YOU ALWAYS REMEMBER graduation day. The pomp. The pageantry. And the debt——which can run $20,000 or more for today’s college grads.
Last year, for the first time since the Great Depression, the average savings rate for Americans went negative, meaning many of us are using savings, credit cards and home-equity loans just to maintain our standard of living. The trend toward debt also affects the futures of college students, whose main source of funding comes from grants and loans.
In San Diego, the high cost of living means students graduate into an even longer stretch of indebtedness. To enhance their worth as employees, they rack up even more debt during years of graduate school. The debt isn’t just confined to tuition and books. As credit cards have come to be regarded as a necessity of modern living, students are swiping plastic right along with the rest of us.

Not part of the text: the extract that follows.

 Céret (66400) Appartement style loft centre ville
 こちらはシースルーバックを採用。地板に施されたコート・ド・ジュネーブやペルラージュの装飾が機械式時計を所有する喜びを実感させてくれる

Students have become the fastest-rising client group for Debt Free America (debtfreeamerica.com), a Kearny Mesa–based nonprofit that helps consumers reduce debt by acting as an intermediary between debtors and their creditors.
“We’ve seen a 22 percent increase in student clients over the past year,” says Gary Symington, president of Debt Free America. “That’s our largest increasing client group, along with the elderly, which has grown by 16 percent.”
Though taking out loans for college is widely regarded as “good debt”——and responsible credit-card use is a prerequisite to participating in adult life——Symington says he’s seen how the road to the debtor’s life is paved with good intentions.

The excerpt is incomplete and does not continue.